-------- Provided material --------

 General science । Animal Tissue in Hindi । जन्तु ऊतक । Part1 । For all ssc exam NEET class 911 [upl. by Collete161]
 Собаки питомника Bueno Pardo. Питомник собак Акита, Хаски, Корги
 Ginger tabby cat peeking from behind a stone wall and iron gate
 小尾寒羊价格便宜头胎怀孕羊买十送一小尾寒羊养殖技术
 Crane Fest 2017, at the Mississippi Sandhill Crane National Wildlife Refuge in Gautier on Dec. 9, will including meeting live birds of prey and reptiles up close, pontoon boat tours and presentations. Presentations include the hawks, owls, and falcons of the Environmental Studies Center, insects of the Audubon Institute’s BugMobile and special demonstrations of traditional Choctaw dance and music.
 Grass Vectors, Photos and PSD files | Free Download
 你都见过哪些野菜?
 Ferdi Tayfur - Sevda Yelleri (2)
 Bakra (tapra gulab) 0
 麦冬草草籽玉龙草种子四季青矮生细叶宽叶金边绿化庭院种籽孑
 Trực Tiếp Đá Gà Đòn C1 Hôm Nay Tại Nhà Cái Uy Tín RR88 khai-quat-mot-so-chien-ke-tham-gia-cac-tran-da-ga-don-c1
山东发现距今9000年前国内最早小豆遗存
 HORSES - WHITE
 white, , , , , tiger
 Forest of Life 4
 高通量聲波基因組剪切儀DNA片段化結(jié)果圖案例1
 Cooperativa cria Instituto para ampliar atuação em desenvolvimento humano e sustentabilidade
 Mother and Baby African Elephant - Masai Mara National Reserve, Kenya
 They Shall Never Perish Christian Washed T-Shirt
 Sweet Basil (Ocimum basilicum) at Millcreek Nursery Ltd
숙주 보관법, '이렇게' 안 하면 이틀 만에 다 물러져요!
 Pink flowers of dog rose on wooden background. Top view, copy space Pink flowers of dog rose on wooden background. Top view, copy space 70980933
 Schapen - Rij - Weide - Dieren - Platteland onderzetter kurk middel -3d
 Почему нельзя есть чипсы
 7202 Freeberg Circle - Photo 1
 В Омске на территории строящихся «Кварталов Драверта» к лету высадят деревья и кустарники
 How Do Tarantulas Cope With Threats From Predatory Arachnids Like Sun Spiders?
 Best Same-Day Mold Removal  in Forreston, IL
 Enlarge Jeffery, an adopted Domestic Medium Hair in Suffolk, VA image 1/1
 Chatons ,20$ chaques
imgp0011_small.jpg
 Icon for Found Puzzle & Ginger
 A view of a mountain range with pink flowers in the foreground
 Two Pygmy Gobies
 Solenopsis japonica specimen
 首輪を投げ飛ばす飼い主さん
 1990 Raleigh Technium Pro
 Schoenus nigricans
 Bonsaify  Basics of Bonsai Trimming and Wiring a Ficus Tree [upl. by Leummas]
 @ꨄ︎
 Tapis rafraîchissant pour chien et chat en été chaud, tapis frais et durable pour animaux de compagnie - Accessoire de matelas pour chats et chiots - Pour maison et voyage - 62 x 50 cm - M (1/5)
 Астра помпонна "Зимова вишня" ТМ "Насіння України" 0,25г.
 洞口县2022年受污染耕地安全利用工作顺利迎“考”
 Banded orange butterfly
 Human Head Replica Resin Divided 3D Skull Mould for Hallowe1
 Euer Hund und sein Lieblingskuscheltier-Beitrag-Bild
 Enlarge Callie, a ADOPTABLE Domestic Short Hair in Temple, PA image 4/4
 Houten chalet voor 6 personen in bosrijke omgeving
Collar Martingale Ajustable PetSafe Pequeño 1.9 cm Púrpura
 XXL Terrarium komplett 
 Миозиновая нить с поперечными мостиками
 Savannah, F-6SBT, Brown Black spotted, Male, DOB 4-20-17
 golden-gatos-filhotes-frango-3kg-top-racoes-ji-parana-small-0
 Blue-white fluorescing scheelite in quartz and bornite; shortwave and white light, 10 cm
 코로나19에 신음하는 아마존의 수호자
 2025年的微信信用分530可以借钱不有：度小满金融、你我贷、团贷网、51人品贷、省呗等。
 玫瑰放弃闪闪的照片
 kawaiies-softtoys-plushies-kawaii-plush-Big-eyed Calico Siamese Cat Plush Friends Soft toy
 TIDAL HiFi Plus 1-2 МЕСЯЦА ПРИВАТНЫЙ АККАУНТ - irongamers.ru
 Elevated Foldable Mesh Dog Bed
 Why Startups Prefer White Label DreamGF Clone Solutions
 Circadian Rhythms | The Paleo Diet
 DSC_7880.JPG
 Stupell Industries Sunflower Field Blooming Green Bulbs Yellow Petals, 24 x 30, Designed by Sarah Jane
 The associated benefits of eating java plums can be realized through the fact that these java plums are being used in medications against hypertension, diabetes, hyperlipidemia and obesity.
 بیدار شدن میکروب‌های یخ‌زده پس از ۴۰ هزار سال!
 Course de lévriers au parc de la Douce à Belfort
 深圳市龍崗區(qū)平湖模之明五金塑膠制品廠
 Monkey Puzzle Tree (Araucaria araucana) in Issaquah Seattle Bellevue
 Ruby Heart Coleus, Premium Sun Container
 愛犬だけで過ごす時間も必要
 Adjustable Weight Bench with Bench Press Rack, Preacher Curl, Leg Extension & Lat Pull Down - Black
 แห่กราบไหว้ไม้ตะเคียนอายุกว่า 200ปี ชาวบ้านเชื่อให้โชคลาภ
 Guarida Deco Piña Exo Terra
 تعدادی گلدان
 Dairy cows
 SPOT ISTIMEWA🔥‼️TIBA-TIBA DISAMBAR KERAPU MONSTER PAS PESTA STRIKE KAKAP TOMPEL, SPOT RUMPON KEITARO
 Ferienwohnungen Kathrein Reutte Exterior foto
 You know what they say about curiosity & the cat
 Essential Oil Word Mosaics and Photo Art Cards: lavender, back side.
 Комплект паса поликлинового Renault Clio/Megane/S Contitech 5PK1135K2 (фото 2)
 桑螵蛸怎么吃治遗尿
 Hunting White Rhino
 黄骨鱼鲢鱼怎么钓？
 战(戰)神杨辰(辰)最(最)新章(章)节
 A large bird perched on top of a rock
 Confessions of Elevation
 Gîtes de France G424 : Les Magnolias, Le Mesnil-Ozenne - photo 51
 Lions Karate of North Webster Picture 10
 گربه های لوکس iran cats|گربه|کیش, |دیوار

--------

• Brief: Check every line above for the string "view" and copy those that have it.

• Your solution:
 Pink flowers of dog rose on wooden background. Top view, copy space Pink flowers of dog rose on wooden background. Top view, copy space 70980933
 A view of a mountain range with pink flowers in the foreground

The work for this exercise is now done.